> **REQUIRED WORK**
I would like the lines below, from the one with "Mexen Matias granite" through the one with "12 Assorted Blooming", copied exactly and without any pictures.

> **LISTED ENTRIES**
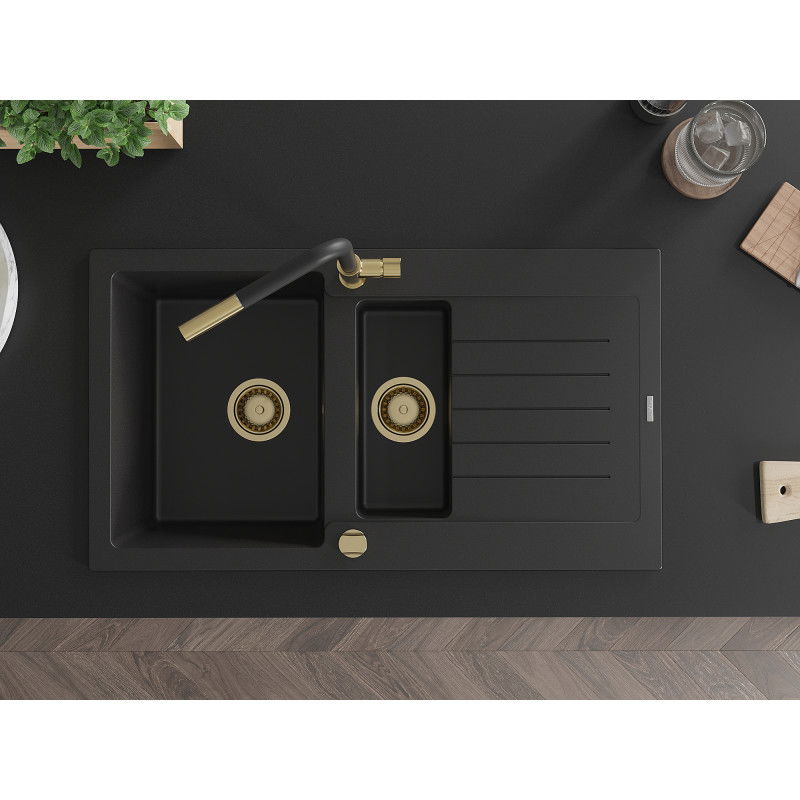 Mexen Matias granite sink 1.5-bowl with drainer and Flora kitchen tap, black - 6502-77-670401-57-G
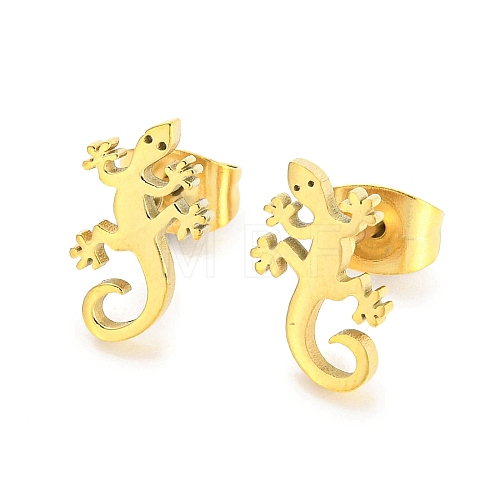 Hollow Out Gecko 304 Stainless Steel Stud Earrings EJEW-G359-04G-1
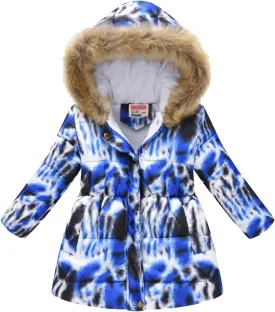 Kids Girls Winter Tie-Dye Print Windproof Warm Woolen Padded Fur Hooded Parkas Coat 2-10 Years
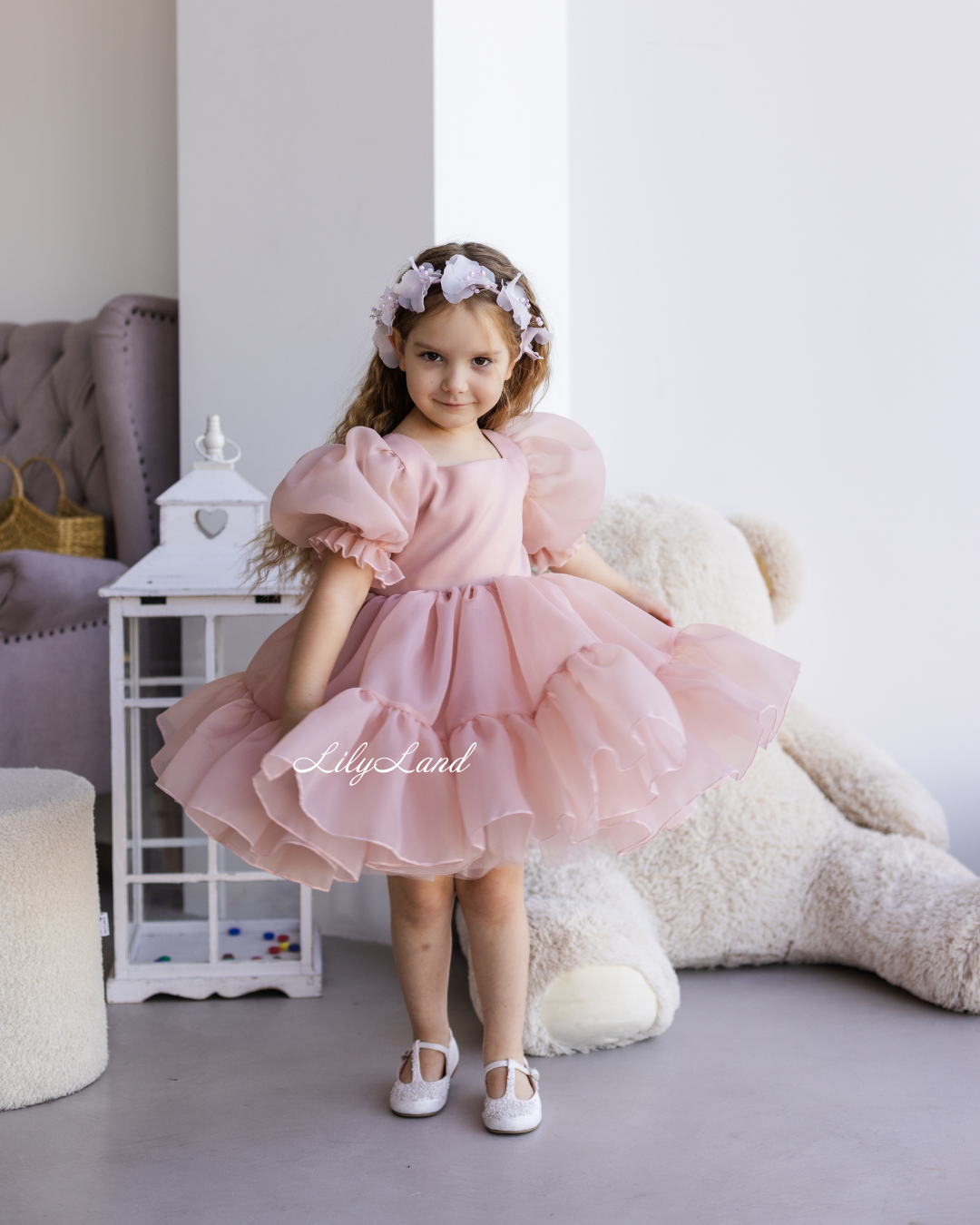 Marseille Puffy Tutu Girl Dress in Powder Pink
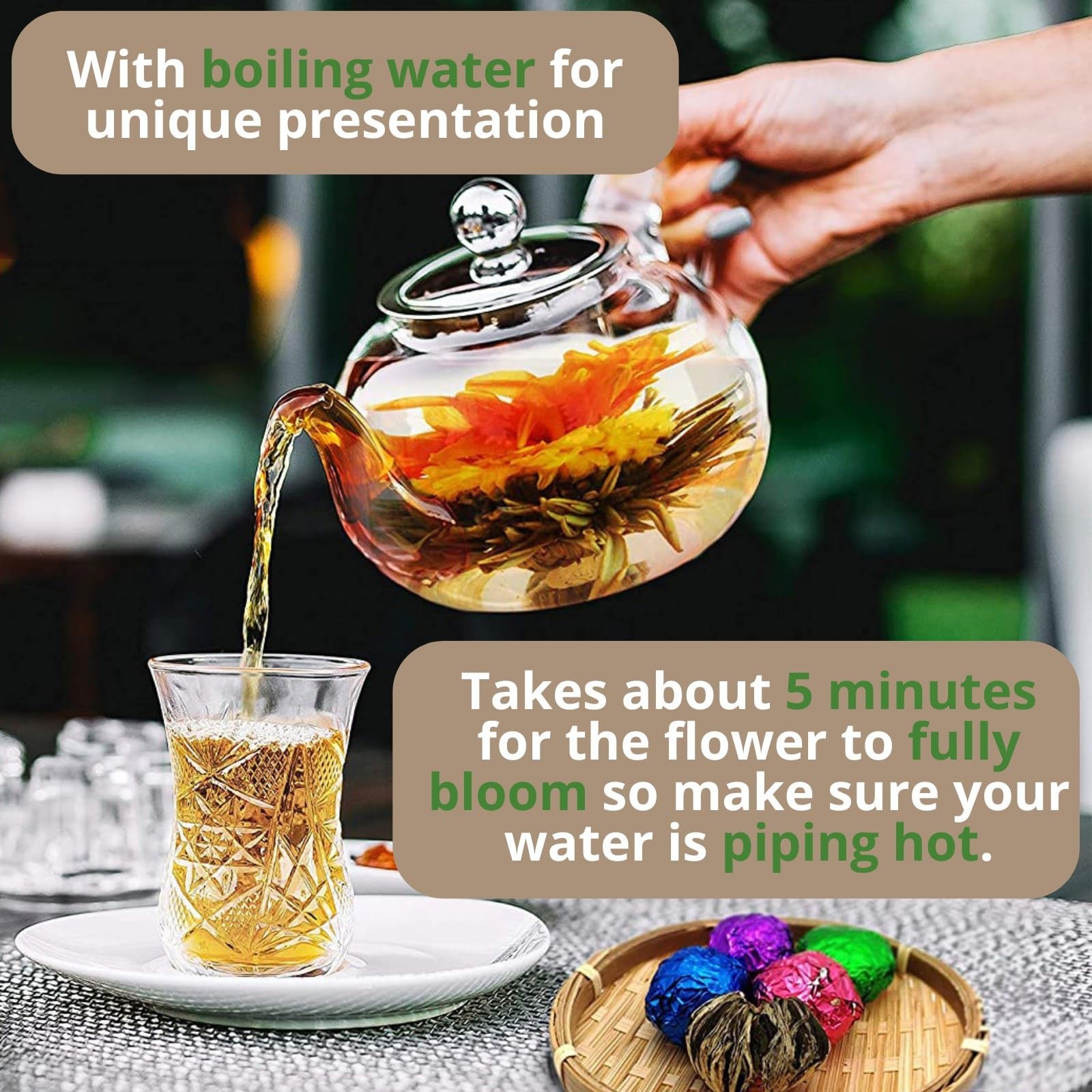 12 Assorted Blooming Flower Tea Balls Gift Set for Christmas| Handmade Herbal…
---
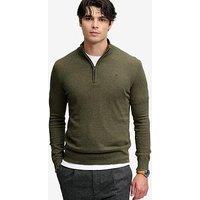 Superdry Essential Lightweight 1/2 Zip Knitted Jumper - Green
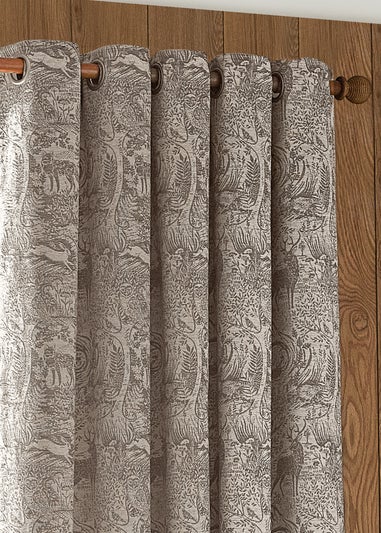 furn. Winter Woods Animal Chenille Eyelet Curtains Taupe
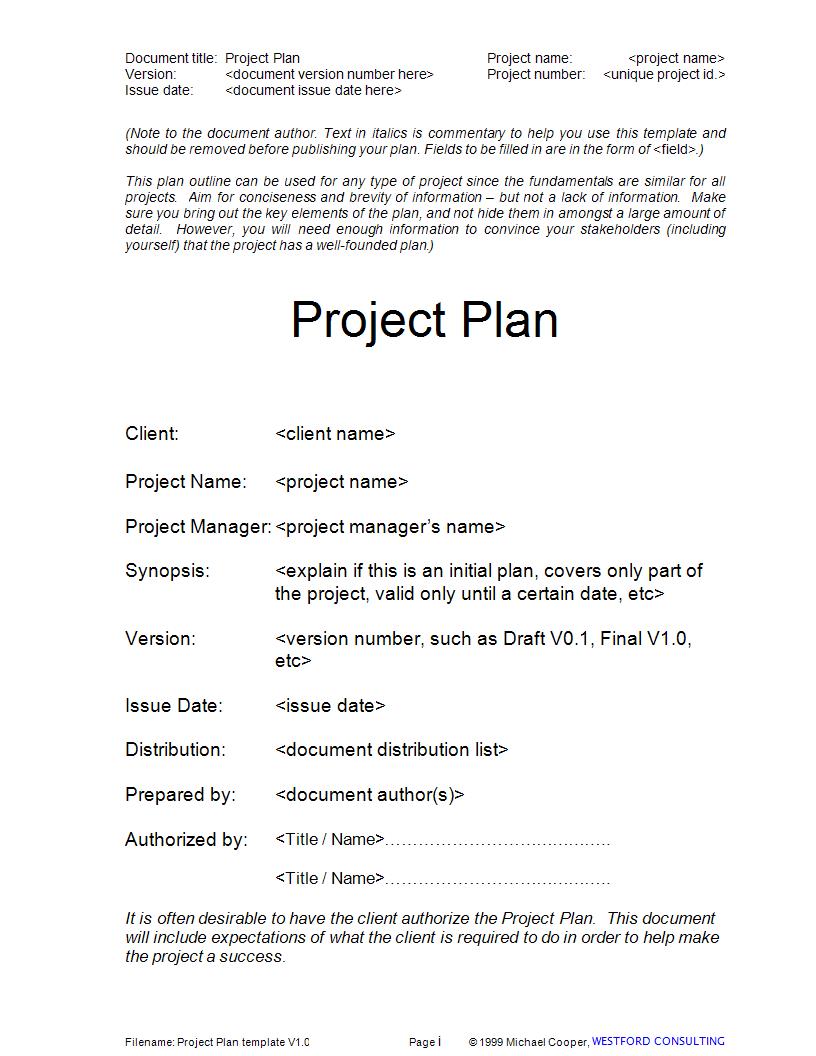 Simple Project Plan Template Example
* * *
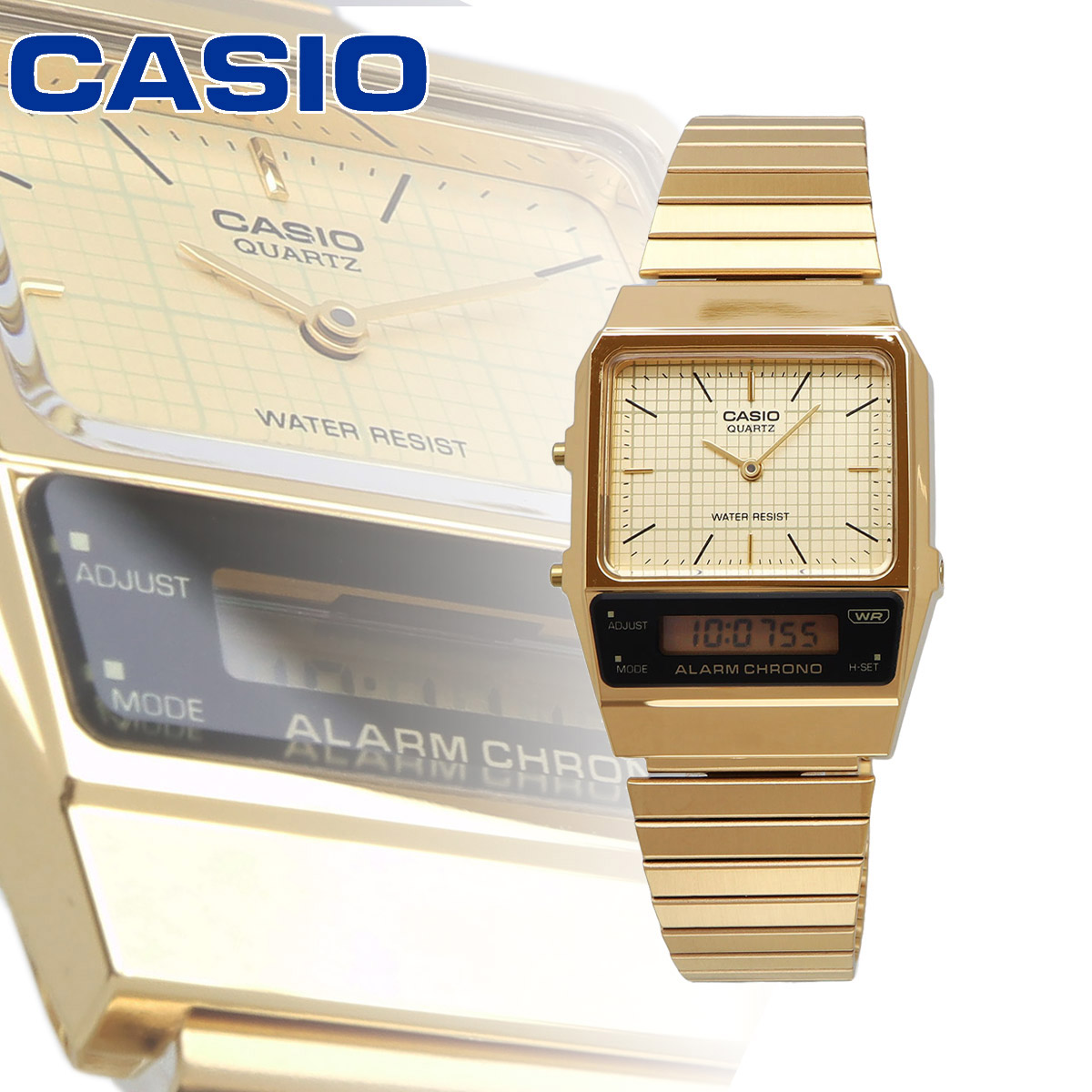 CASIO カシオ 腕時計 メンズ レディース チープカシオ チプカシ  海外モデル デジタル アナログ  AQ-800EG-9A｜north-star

> **EXERCISE ANSWER**
 Mexen Matias granite sink 1.5-bowl with drainer and Flora kitchen tap, black - 6502-77-670401-57-G
 Hollow Out Gecko 304 Stainless Steel Stud Earrings EJEW-G359-04G-1
 Kids Girls Winter Tie-Dye Print Windproof Warm Woolen Padded Fur Hooded Parkas Coat 2-10 Years
 Marseille Puffy Tutu Girl Dress in Powder Pink
 12 Assorted Blooming Flower Tea Balls Gift Set for Christmas| Handmade Herbal…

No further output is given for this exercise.